─── Source data ───
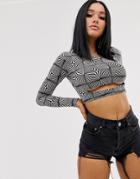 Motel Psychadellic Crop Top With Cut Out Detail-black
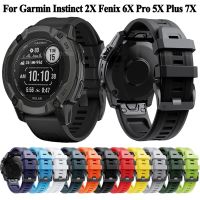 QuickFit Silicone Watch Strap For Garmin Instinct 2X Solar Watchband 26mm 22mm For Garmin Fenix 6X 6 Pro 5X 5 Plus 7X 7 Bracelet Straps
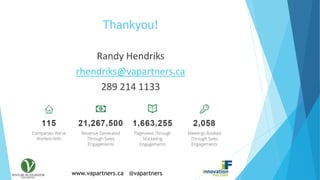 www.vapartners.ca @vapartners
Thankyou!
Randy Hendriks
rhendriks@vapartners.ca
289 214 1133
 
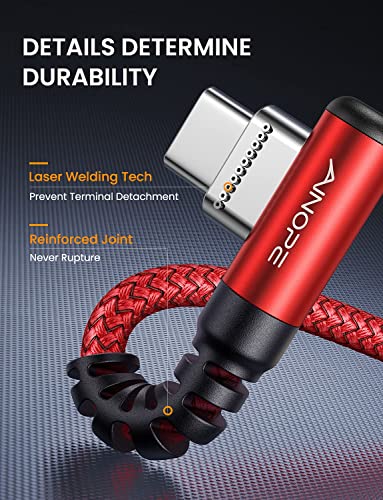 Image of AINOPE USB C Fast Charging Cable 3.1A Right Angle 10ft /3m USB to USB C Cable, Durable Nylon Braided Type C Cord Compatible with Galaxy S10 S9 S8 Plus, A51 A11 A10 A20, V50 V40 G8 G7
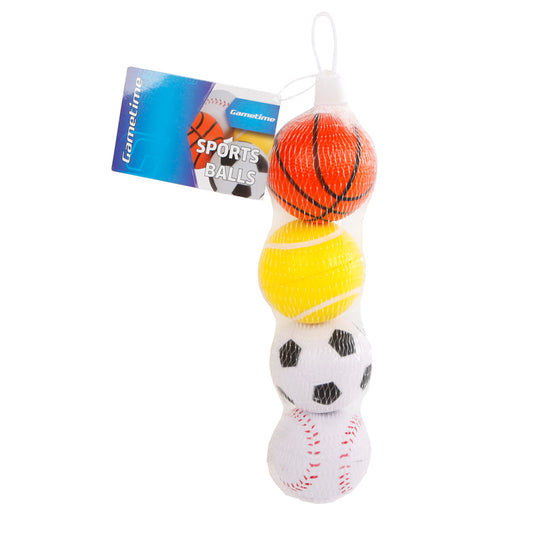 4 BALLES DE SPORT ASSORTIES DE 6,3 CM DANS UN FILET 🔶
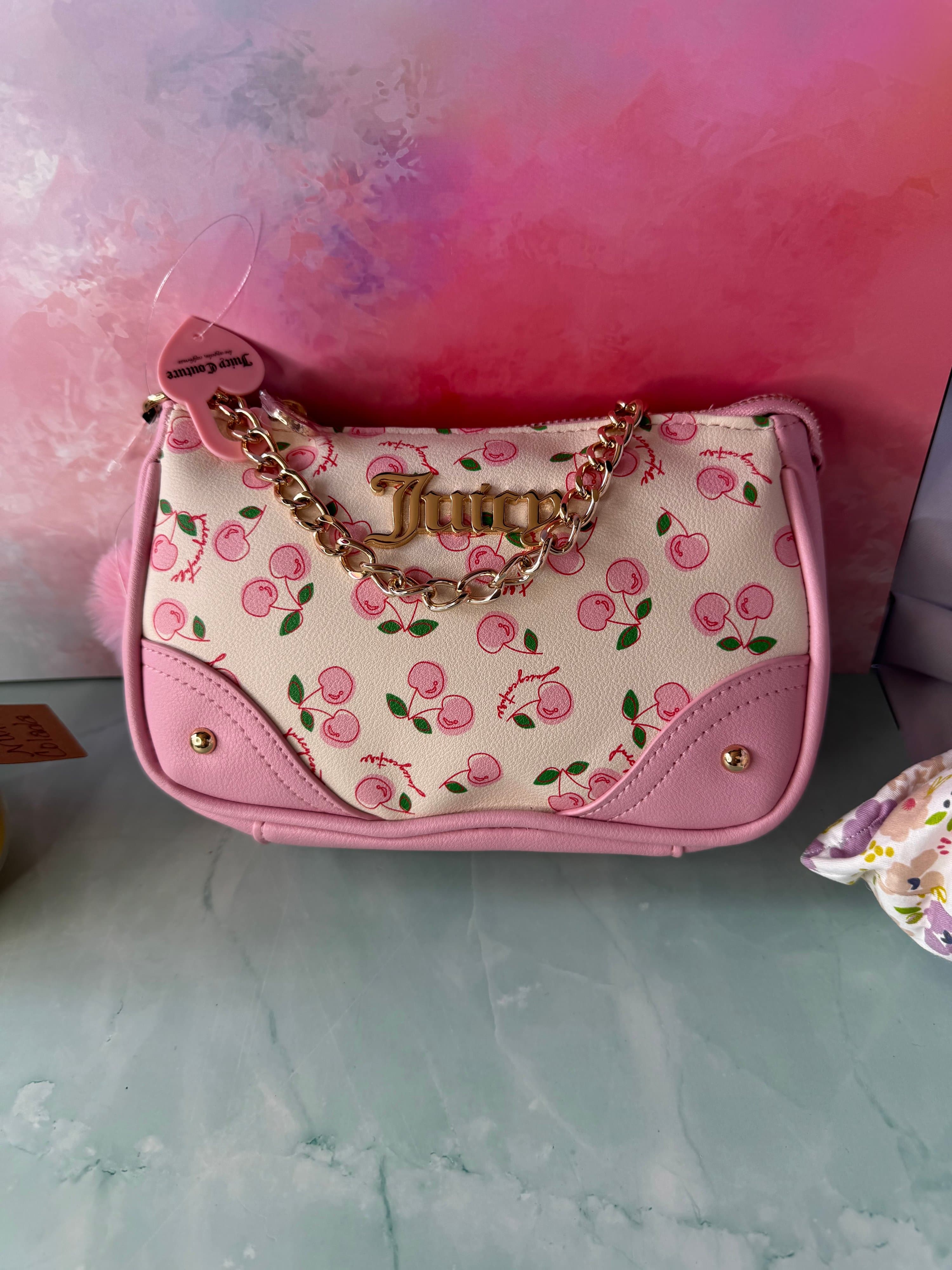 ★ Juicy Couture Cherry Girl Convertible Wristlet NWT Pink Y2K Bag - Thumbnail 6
───
What to work on =>
The answer must be the lines of the entries above, written out exactly from the first through the one with "Randy Hendriks", and no pictures.

Written answer =>
 Motel Psychadellic Crop Top With Cut Out Detail-black
 QuickFit Silicone Watch Strap For Garmin Instinct 2X Solar Watchband 26mm 22mm For Garmin Fenix 6X 6 Pro 5X 5 Plus 7X 7 Bracelet Straps
 www.vapartners.ca @vapartners
Thankyou!
Randy Hendriks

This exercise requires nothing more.